Editorial

Mit der internen IT ist es wie mit dem Rauchen


Artikel erschienen in Swiss IT Magazine 2008/01

     

Am Jahreswechsel nimmt man sich gute Vorsätze. Dies gehört genauso zum Ritual wie das Anstossen um Mitternacht. Aufhören zu rauchen, mehr Bewegung und Zeit für die Familie: Die Vorsätze sind bei den meisten jedes Jahr die gleichen, denn der Alltag lässt einem selten Zeit, die hehren Absichten im Verlauf des Jahres auch in die Tat umzusetzen.
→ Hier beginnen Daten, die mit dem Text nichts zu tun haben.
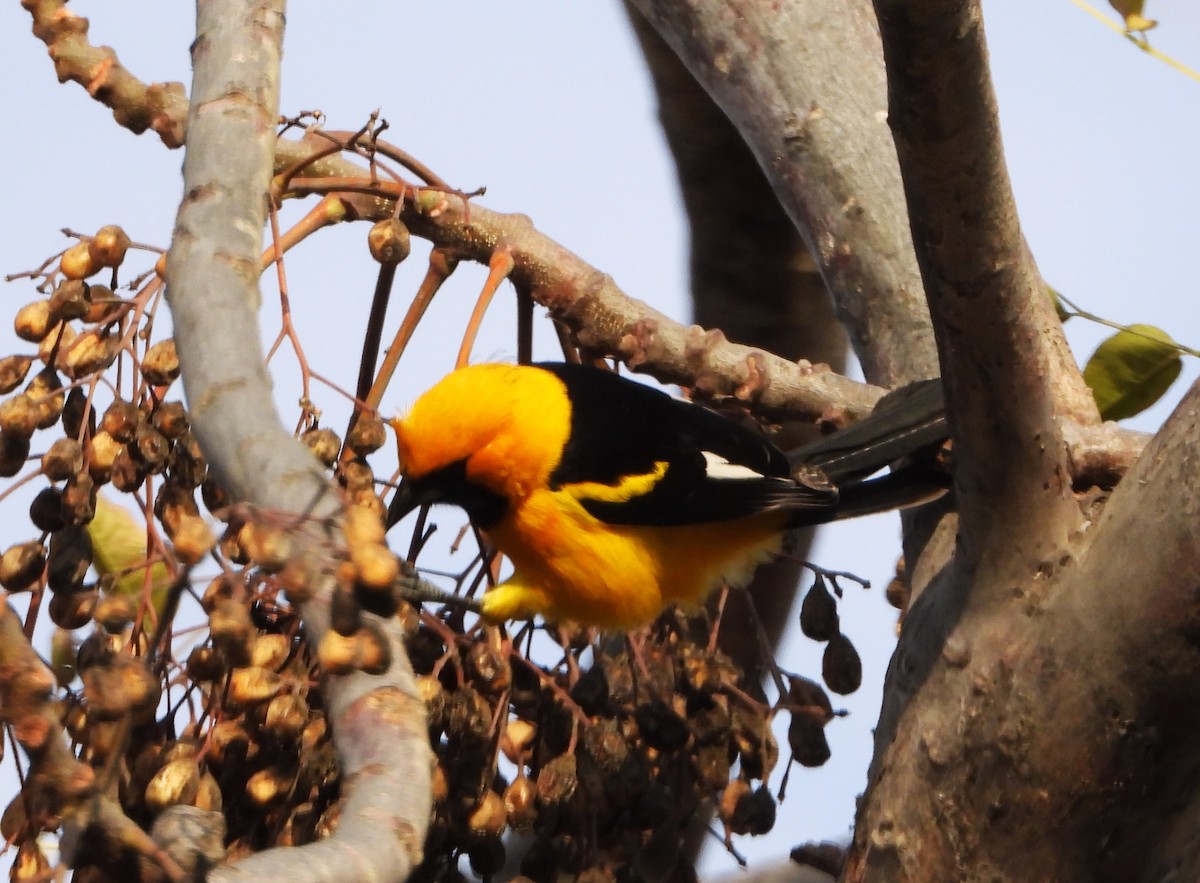 White-edged Oriole - ML642358383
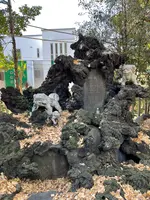 洲崎大神の写真・動画_image_413966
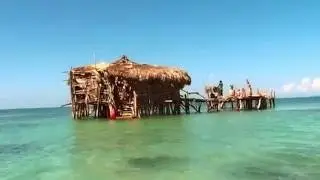 Jamaican Road Trip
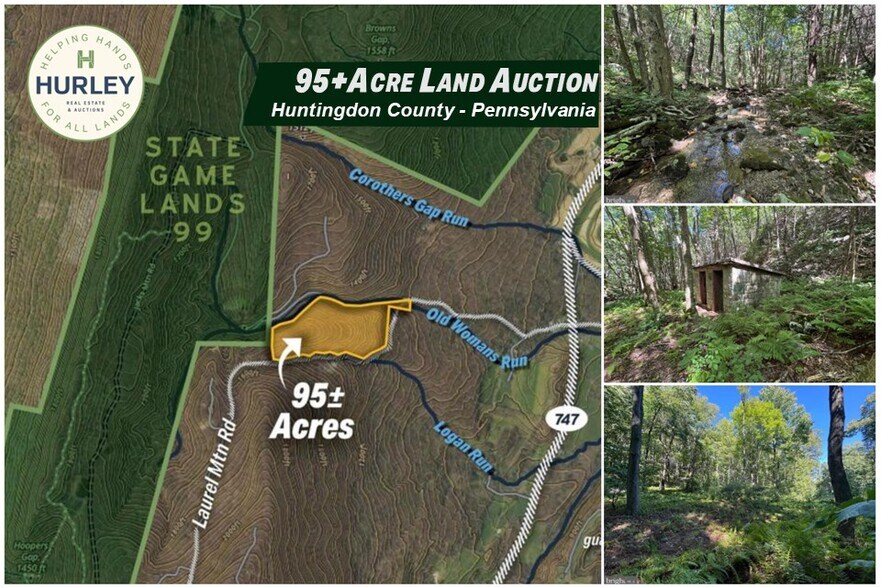 Primary Photo Of 0 Laurel Mountain Rd, Three Springs Land For Sale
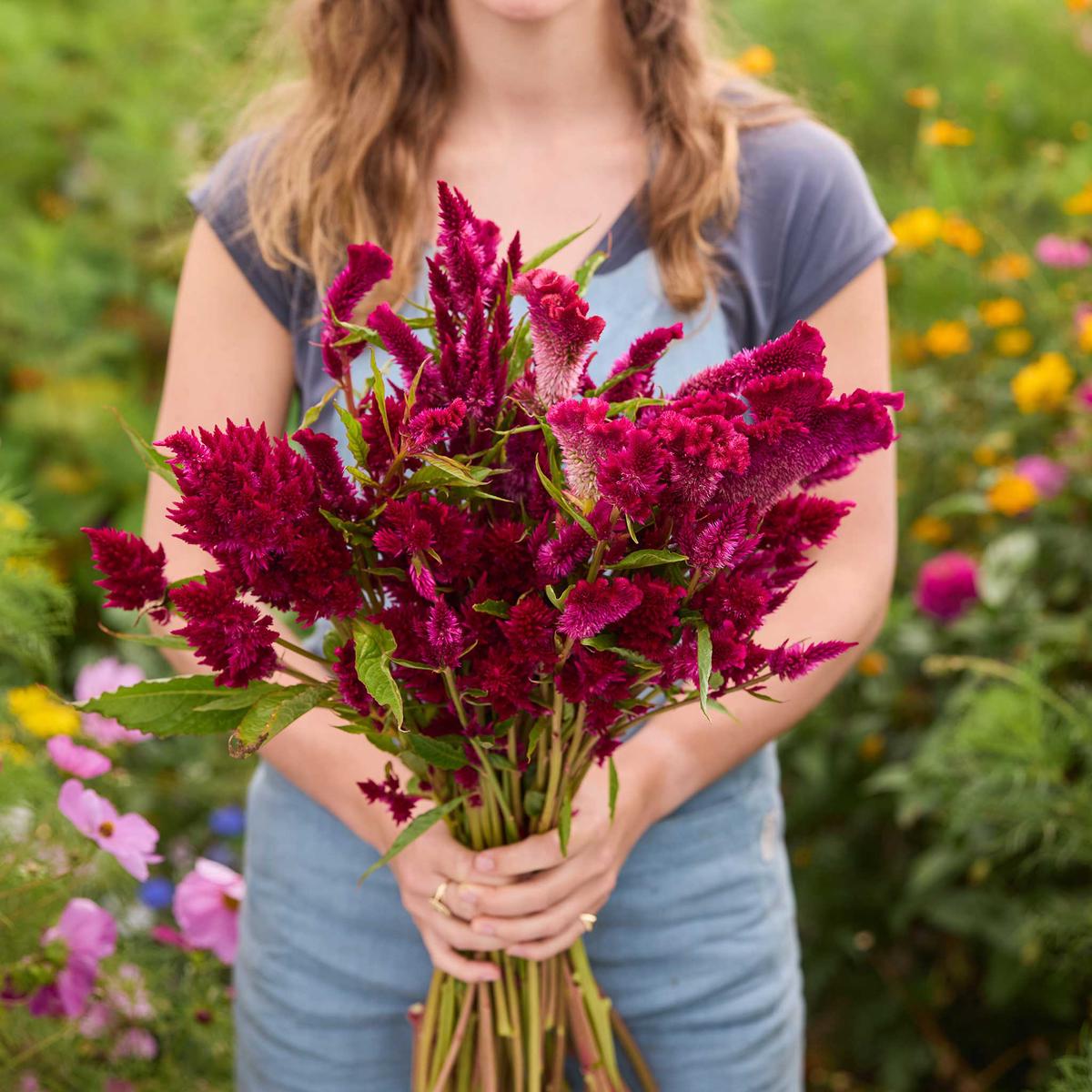 Celosia Seeds - Rooster Purple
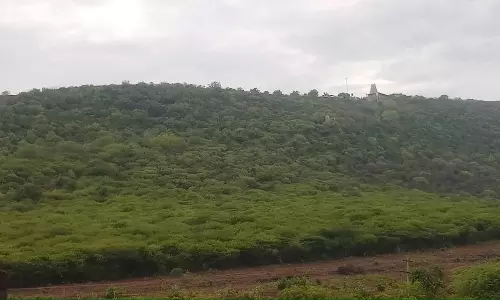 பசுமையாக காட்சியளிக்கும் சென்னிமலை வனப்பகுதி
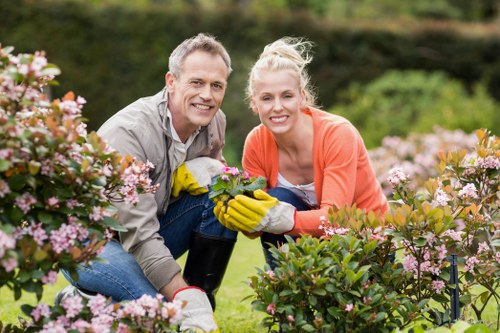 Backyard landscaping in Cranford with patio and greenery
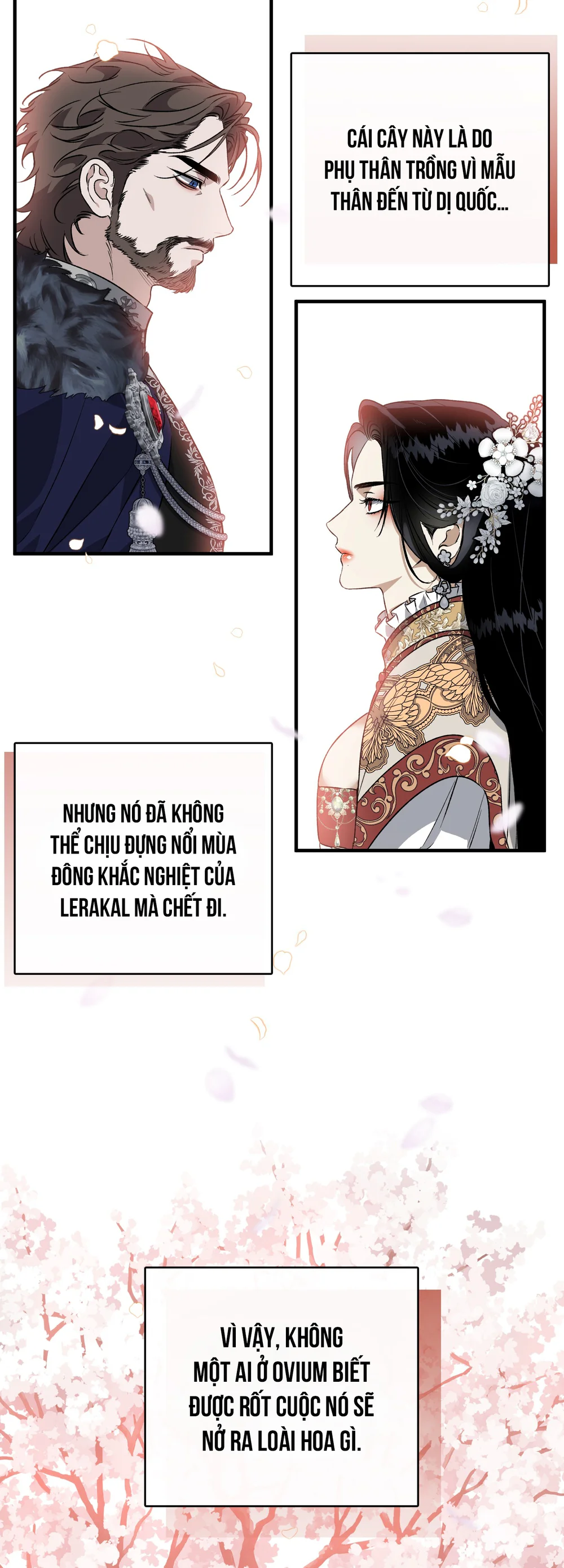 Con đường hoa trong đêm trắng Chapter 13 - Next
Dies ist im Privaten nicht anders als im Beruf. Endlich einmal die Probleme in der Firma an ihren Wurzeln anpacken, wer hat dafür schon Zeit? Es sei denn, die Umstände zwingen einen dazu, wenn zum Beispiel der IT-Tausendsassa in seiner persönlichen Jahresbilanz zum Schluss gekommen ist, es sei für ihn nun der Zeitpunkt für eine berufliche Veränderung gekommen.



Wer kümmert sich jetzt um die Server, die Office-Applikationen, die Mail-Infrastruktur, das Daten-Backup oder die Sicherheit vor Internet-Attacken? Die sofort eingeleitete Personalsuche hat mit grosser Wahrscheinlichkeit schon vor den Feiertagen für Ernüchterung gesorgt. Der Arbeitsmarkt für IT-Fachleute ist staubtrocken. Als normales KMU ist man zudem für qualifizierte IT-Profis nicht sonderlich attraktiv, und die Gehaltsvorstellungen derjenigen, die sich trotz alledem interessieren, sprengen schlicht und ergreifend das Lohngefüge.


Nun ist guter Rat teuer. Es sei denn, man verabschiedet sich von lieb gewordenen Gewohnheiten und stellt sich grundsätzliche Fragen: Wieso betreibe ich als KMU einen derart grossen Aufwand, um meine Informatikinfrastruktur à jour zu halten? Inwiefern profitiert das Unternehmen, wenn der Mailserver im eigenen Keller steht? Ist es überhaupt sinnvoll, wenn einer meiner am besten qualifizierten Mitarbeiter jede Woche Stunden damit verbringt, Backup-Bänder zu erstellen und die neuesten Sicherheits-Patches aufzuspielen?


Die Antwort auf alle diese Fragen ist einfach und in anderen Infrastrukturbereichen schon lange klar beantwortet: Sie heisst Outsourcing. Heute spricht fast nichts mehr dagegen, die Standard-IT-Aufgaben an einen spezialisierten Anbieter zu übergeben: Die Technologien sind für alle KMU die gleichen. Es lässt sich also durch den Inhouse-Betrieb kaum mehr ein Wettbewerbsvorteil erzielen. Der Markt spielt. Es gibt viele Anbieter, zwischen denen man bei Unzufriedenheit mit relativ geringem Aufwand wechseln kann. Einzig die unternehmensspezifischen Geschäftsapplikationen behält man besser unter der eigenen Kontrolle, denn mit ihnen lässt sich im Gegensatz zum Betrieb der Mail-Infrastruktur durchaus ein kompetitiver Vorsprung erreichen.


Das Auslagern der IT-Infrastrukturdienste bietet heute sogar mehr Möglichkeiten zur Produktivitätssteigerung als der Eigenbetrieb. Von modernen Techniken wie Virtualisierung, SOA oder Speichernetzwerken kann ein KMU zum Beispiel selber gar nicht profitieren, weil es ganz einfach zu klein ist, um sie effizient anzuwenden. Und auch aktuell aufkommende Technologien wie Unified Communications, wo sämtliche elektronischen Kommunikationska­näle mit den Office-Anwendungen verwoben werden, übersteigen mit ihrer Komplexität die Möglichkeiten der KMUs. Oder wollen Sie ernsthaft, dass Ihre Mitarbeiter Arbeitszeit in Kursen über VoIP und Collaboration absitzen?


Es spricht also fast alles dafür, als KMU den Eigenbetrieb der Standard-IT-Infrastruktur aufzugeben. In der Praxis verhält es sich damit allerdings ähnlich wie mit dem Rauchen: Die meisten hören erst auf, wenn sie durch äusseren Druck dazu gezwungen werden. Vielleicht können wir dies 2008 aber für einmal auch anders anpacken.